Пока не дошли до перевертней, заранее обратим внимание на приоритет их звуковой организации и на вторичность графики. Кроме полных «саморифм», бывают неполные или палиндромоиды.

Ряд примеров: «Мошенник из Кинешмы», «Товарищ Эшафот», «Офицер Люцифер», «Водевиль людоедов», «Будни индюков», «Ахинея жениха», «Философ фасоли», «Лермонтов – вот номер!», «Гаудеамус – Сумароков». «Дворжак – кроссворд», «Власть – слава», «Лидер – беспредел», «Дружба – абсурд», «Адрес – сердце», «Государь радуг», «Радуйся, сударь!», «Гармония – норма», «Наполеон – аэроплан», «Аэропорт – Тропарево», «Автобус – суббота», «Думал – перламутр», «Булгаков – выкаблучивал», «Жеребенок Фаберже», «Трофей Лефорта», «Тезавр Лавуазье», «Триумф Ферми», «Адольф флота», «Барокко корабля», «Европа – апре ву», «Нут-ка – ахтунг», «Ариведерча – шедевр», «Реформе – семафор!» «Головоломка – олово», «Артиллерист – селитра», «Зарежем менеджера», «Авторитет братвы», «Затяну в унитаз», «Тюль в валюте», «Экивок – заковырка», «Пещера – прищепка», «Алкаш – шакал», «Аскет – сексот», «Киев – фейк», «Жираф – Париж», «Мулен руж – журнал», «Носорог – гарсон», «Евтух – вертухай», «Гроссман – комсорг», «Фонари Нарофоминска», «Босфор – русофоб», «Гораций – рыцарь», «Вилка – клюв», «Олимпийское помело», «Нетребко – Кубертен», «Заговор – не в бровь, а в глаз», «Плюс сюрприз», «Рифма – амфора – ампир», «Муза – разум – заумь», «Хромов – скоморох», «Сидр задирист», «Чурбанов обручен», «Люблю юбилей», «Брависсимо – комиссия», «Зорким – микроскоп», «Изумительная нумизматика», «Аватар – отрава», «Воркует кровь», «Артефакт – кафедра», «Физрук – курсив», «Сизиф – физик», «Гафт – факт», «Драка – аккорд», «Малина манила», «Америка – теорема», «Хунвейбин – евнух», «Казусы безусых», «Жалюзи – фюзеляж», «Фортепиано Petrof», «Выноси Кирсанова», «Кобзарь – разборка», «Тургенев – винегрет», «Мразь казарм», «Йогурт – другой».

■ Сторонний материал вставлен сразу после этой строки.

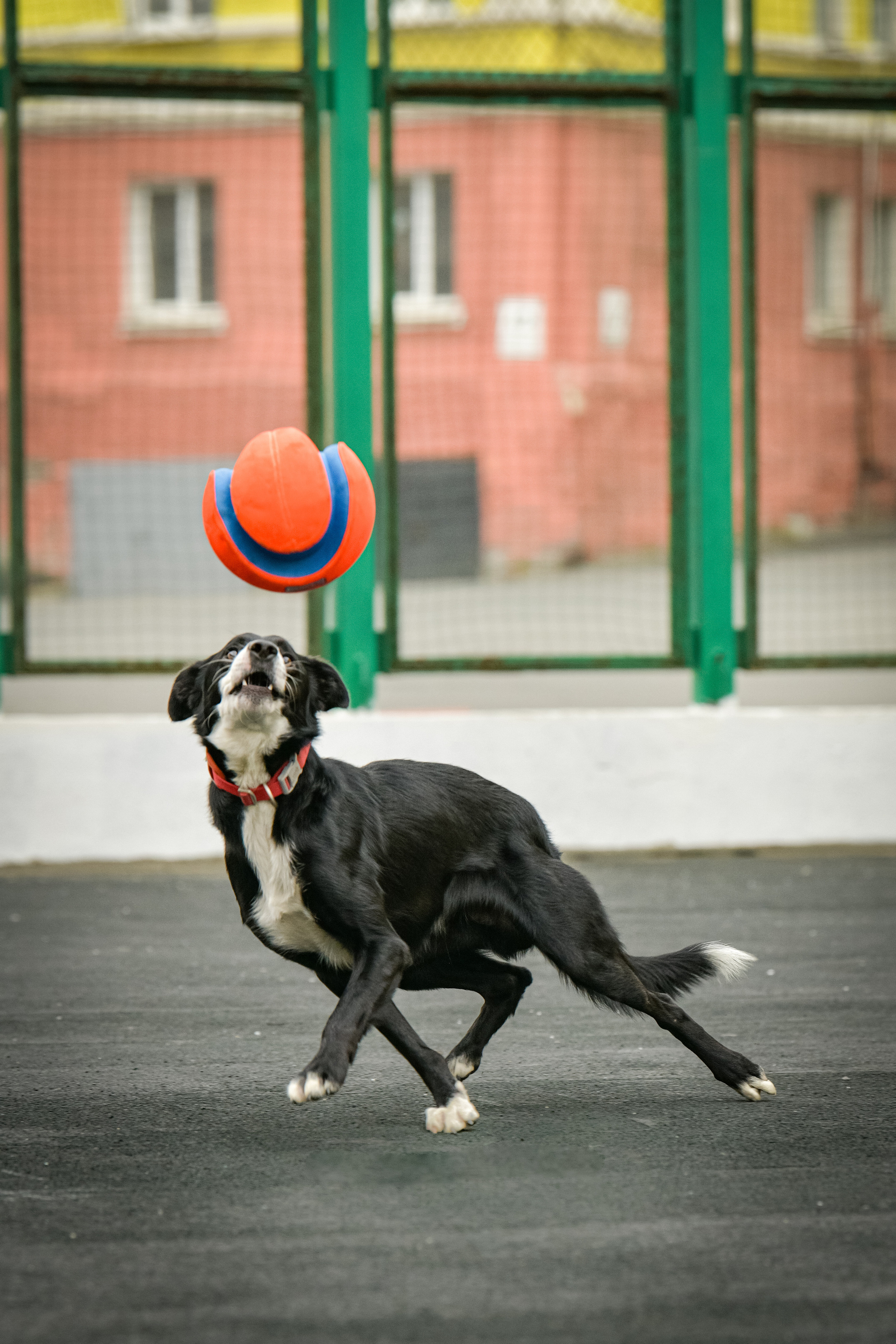 Бордер-колли Семён. Свой взгляд через объектив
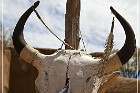 Taos Pueblo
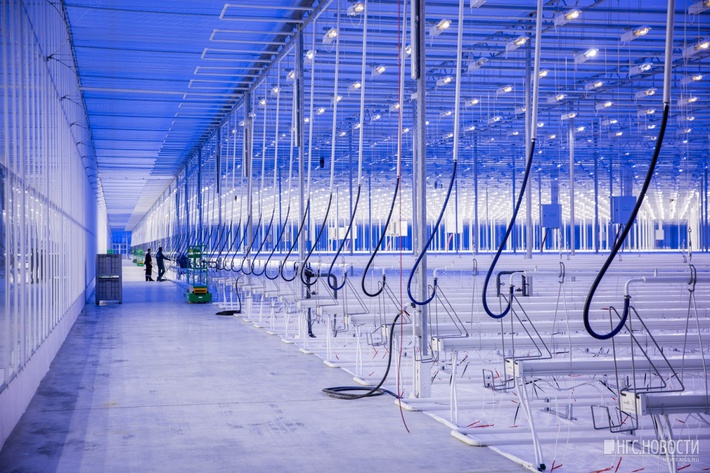 c3rhdgljlm5ncy5yds9uzxdzlzu0l3byzxzpzxcvmdexytixntu0mdy0yjaxzdexndllowe0zdblmzm3nmi3odmyy2qxnl8xmjawlmpwzz9fx2lkptg1nze4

Конечно, главное в этих парах звуковые, а не буквенные связи. Неполные саморифмы косвенным образом подтверждают версификационную сущность полных саморифм.

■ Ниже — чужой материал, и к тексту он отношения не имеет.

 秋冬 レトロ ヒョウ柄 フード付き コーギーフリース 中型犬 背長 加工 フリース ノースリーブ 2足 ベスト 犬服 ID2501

О палиндромоидах я когда-то писал в «НиЖ» (по-моему, 1970, №9), приводя случаи, всем известные: «Евгений Онегин», «Всевышней волею Зевеса», «Европы баловень Орфей», «Везувий зев открыл»… Можно добавить Шатрова:

 

Орфей наоборот – Эфрон.

Цветаева!

Твои стихи со всех сторон

Читаемы.

 

Его же:

Не доживу до ночей катаракты,

Не потеряю навеки из глаз

Профиль Волошина на Кара-Даге,

Крымские горы – русский Парнас.

 

Его же:

Я лебедь Коктебеля.

 

И Сергеева («Аким Нахимов»):

 

В дружбе добр, в службе бодр.

 

Можно отнести к подобным звукоиграм и самые раскачивающиеся слова – «Мальчики на качелях» (Эдуард Багрицкий?). Обратный порядок согласных ЛЧК – КЧЛ со сбитым ритмом передает изменение скорости на разных участках амплитуды качания.

Авторы порой допускают использование палиндромоидов в своих перевертнях. У Кирсанова есть строка – «личинок кончил». Одно И пропало почти незаметно. Это не погрешность, а допущение. Встречаются у разных авторов и другие допуски. Например, «Восток отцов», «Суперэпус».

По идее палиндромоидов должно быть больше, чем палиндромов. Неполные саморифмы мне симпатичны и появляются будто сами собой.

 

На высоком окском откосе –

Березы в серебре…

 

Или

 

Там всем на диво – диво-птицы.

Их красота в воде двоится,

Их грация – Царьград

В волнах зеркальных грез…

 

В том же 1970-м Пятигорский звал меня в Юрьев, то есть в Тарту, на 25-ю научную студенческую конференцию сделать сообщение, в том числе и о палиндромоидных рифмах. Не поехал, студенчество осталось далеко позади, но там был доклад В. Айрапетяна из Ереванского ГУ «Русский палиндром», где упоминались неполные перевертни.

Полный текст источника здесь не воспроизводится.